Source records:
=====
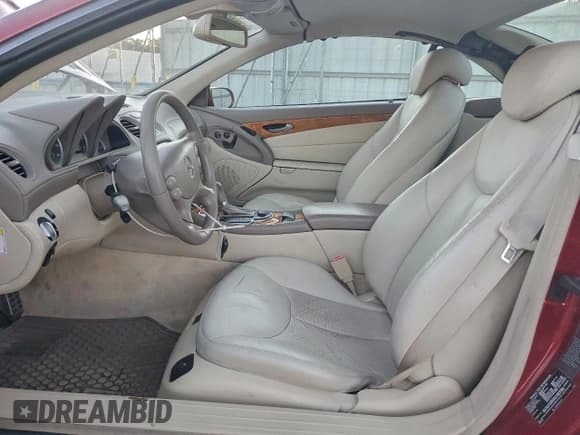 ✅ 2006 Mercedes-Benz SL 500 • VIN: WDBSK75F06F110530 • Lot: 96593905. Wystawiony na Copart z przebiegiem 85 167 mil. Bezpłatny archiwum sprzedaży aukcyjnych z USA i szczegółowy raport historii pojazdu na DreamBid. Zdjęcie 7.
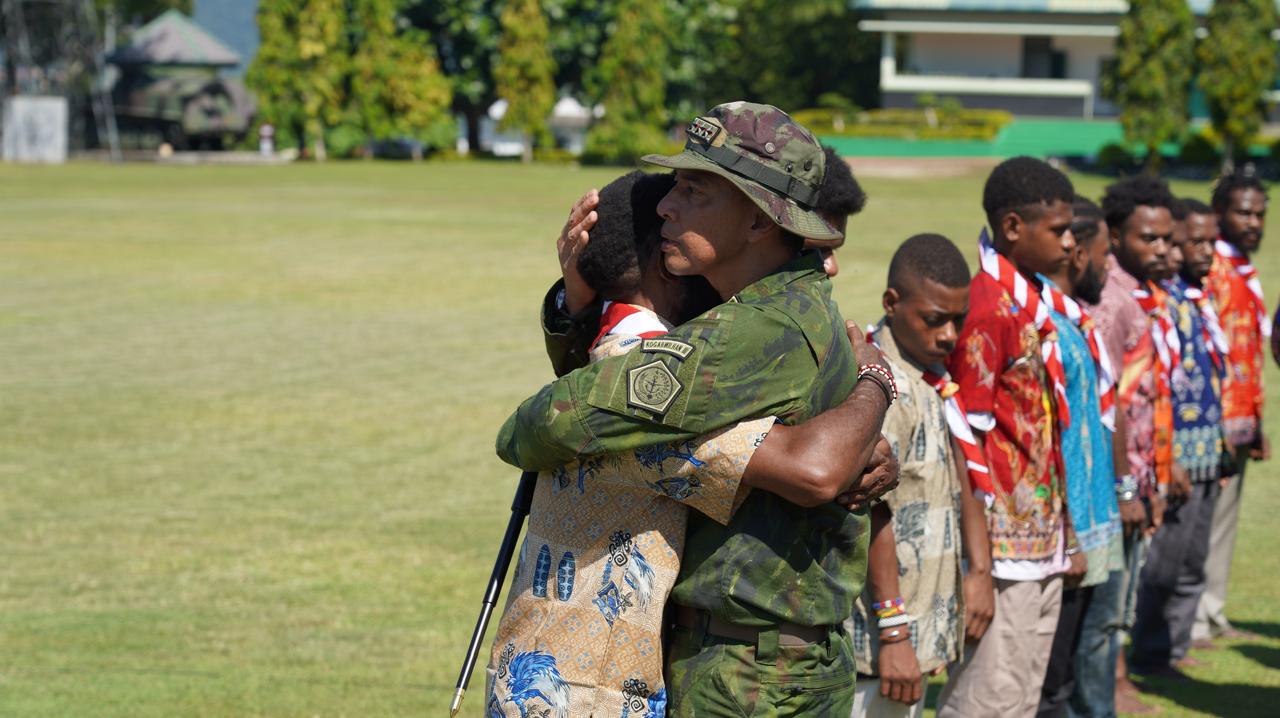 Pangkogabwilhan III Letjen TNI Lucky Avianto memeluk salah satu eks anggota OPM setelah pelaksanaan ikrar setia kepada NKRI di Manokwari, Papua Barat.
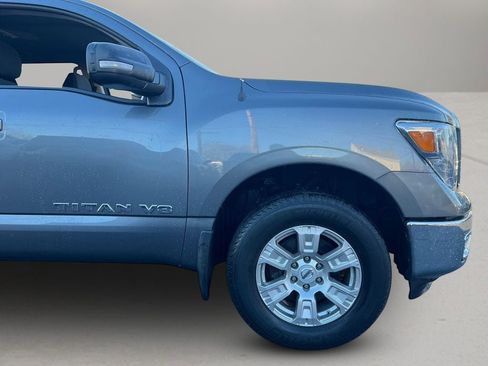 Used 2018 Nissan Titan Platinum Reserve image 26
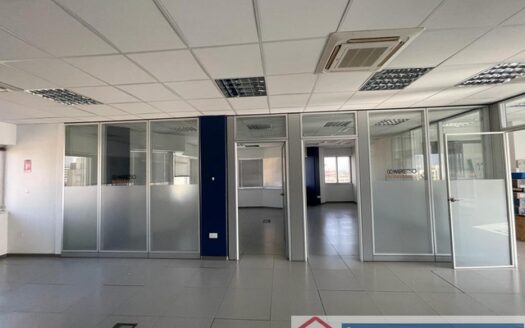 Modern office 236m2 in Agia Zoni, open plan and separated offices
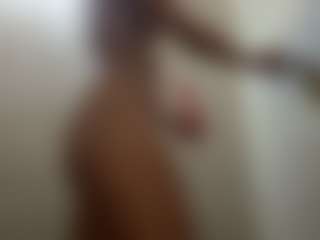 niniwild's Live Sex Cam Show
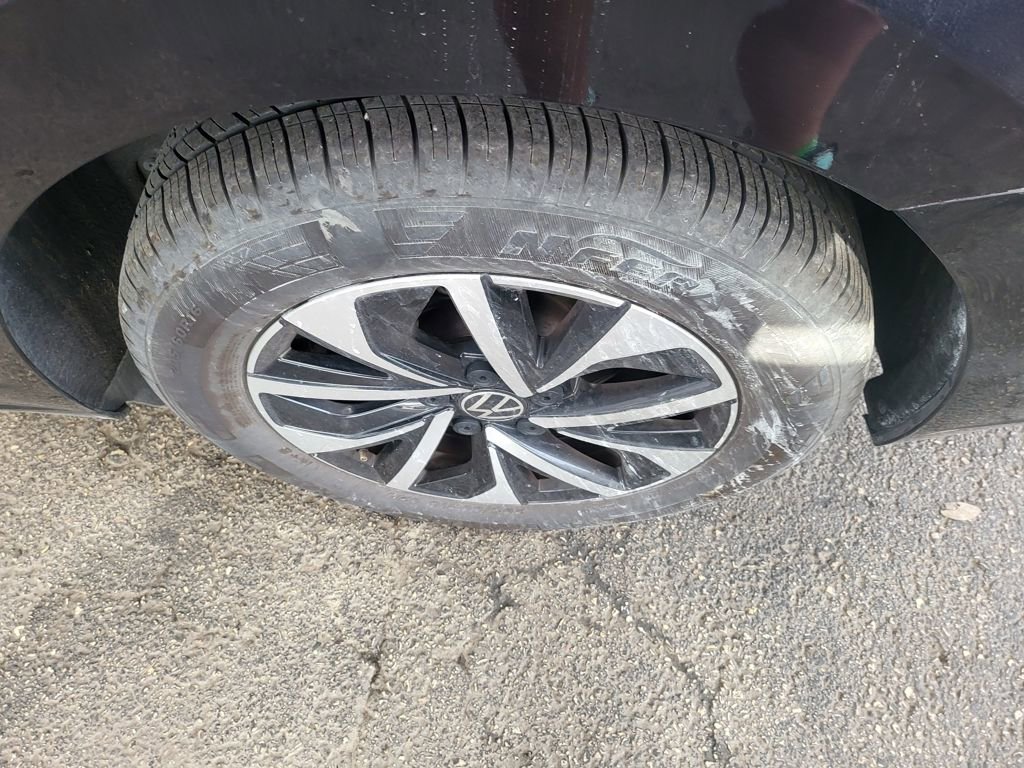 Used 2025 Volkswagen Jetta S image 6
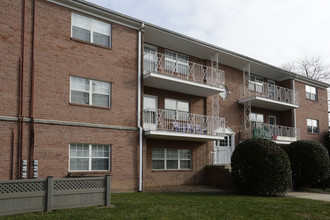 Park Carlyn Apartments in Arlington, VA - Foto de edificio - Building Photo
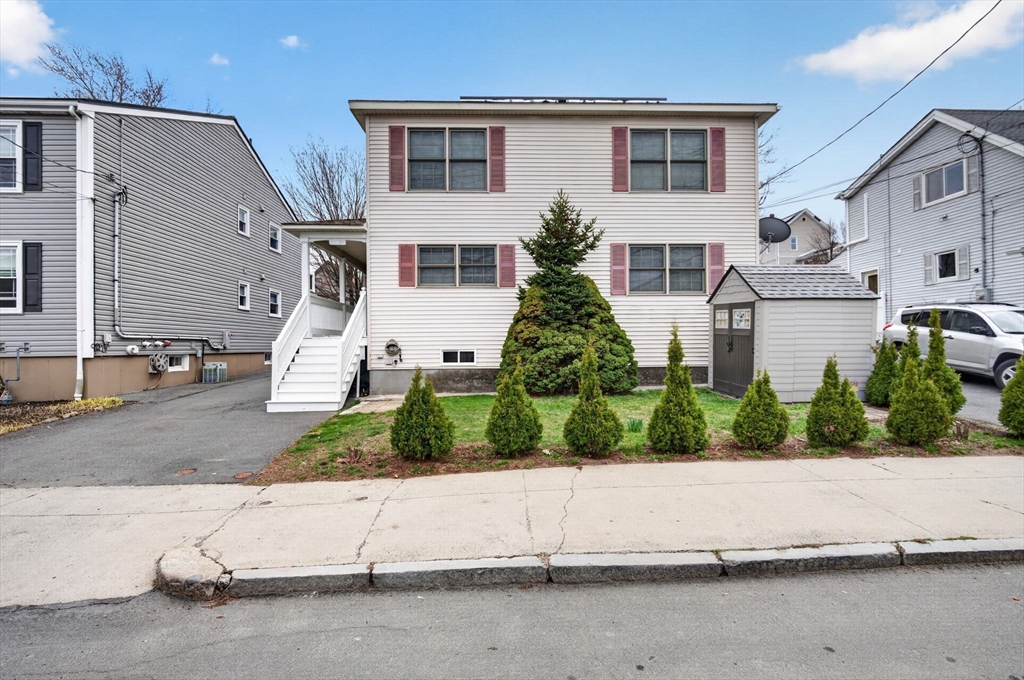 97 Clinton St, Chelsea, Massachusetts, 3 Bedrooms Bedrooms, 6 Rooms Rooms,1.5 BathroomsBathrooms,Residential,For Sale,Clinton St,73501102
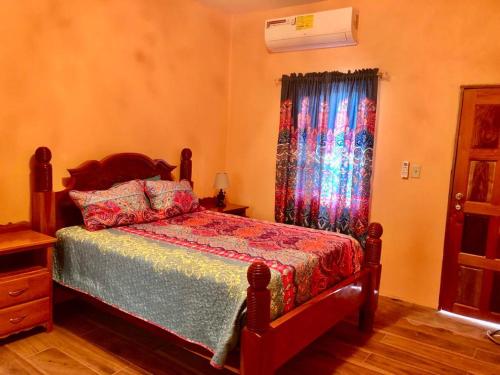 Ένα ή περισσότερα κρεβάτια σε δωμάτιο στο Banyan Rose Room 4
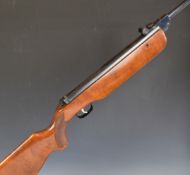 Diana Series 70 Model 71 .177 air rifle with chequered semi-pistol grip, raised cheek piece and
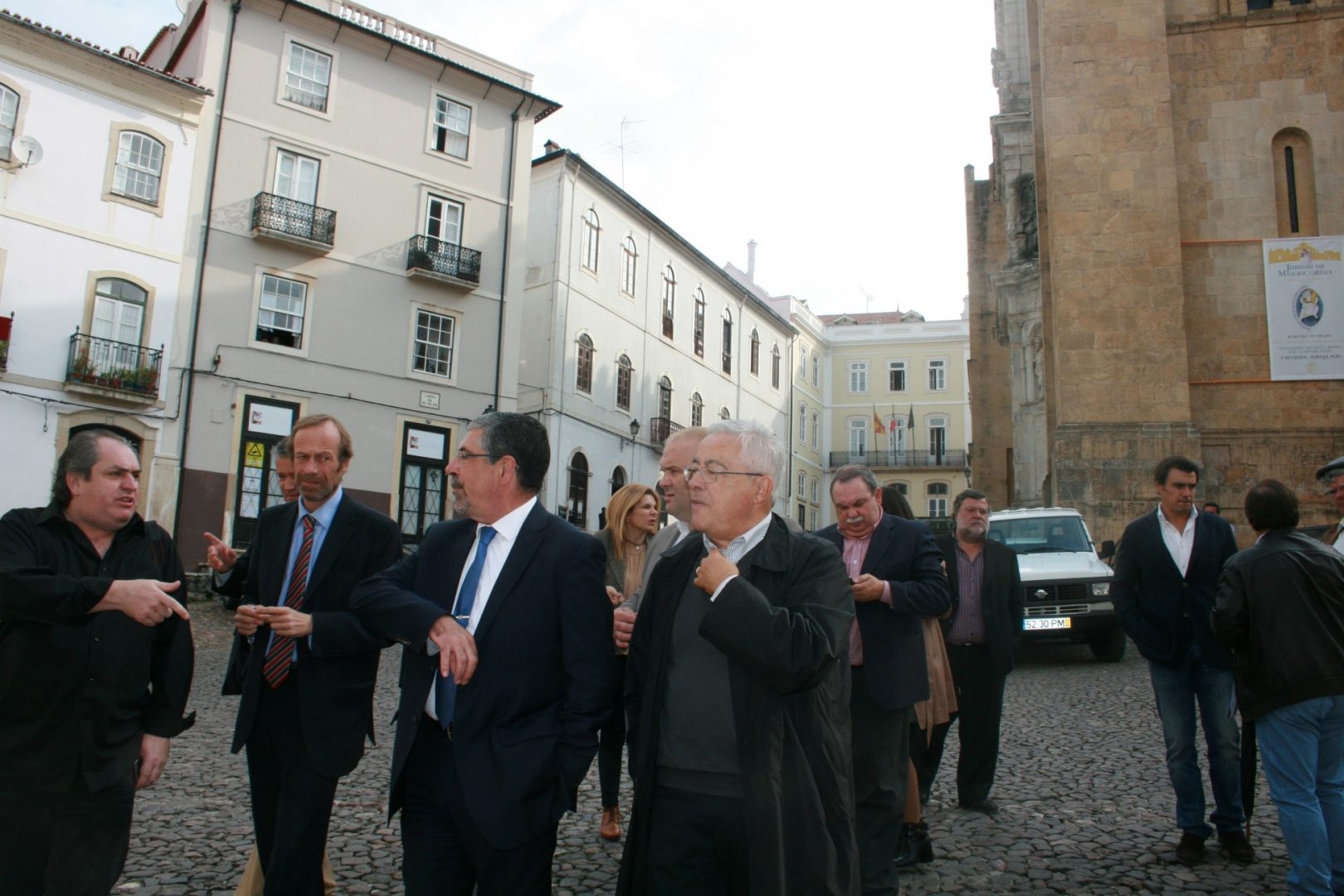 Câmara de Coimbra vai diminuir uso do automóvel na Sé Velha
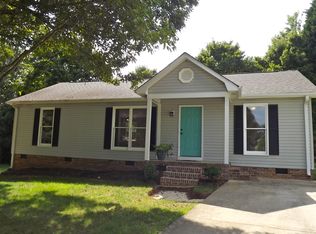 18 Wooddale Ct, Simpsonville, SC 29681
=====
Reproduce word for word the lines from the one containing "Used 2018 Nissan" through the end of the data, both ends kept. Drop the pictures.

WRITTEN REPLY:
 Used 2018 Nissan Titan Platinum Reserve image 26
 Modern office 236m2 in Agia Zoni, open plan and separated offices
 niniwild's Live Sex Cam Show
 Used 2025 Volkswagen Jetta S image 6
 Park Carlyn Apartments in Arlington, VA - Foto de edificio - Building Photo
 97 Clinton St, Chelsea, Massachusetts, 3 Bedrooms Bedrooms, 6 Rooms Rooms,1.5 BathroomsBathrooms,Residential,For Sale,Clinton St,73501102
 Ένα ή περισσότερα κρεβάτια σε δωμάτιο στο Banyan Rose Room 4
 Diana Series 70 Model 71 .177 air rifle with chequered semi-pistol grip, raised cheek piece and
 Câmara de Coimbra vai diminuir uso do automóvel na Sé Velha
 18 Wooddale Ct, Simpsonville, SC 29681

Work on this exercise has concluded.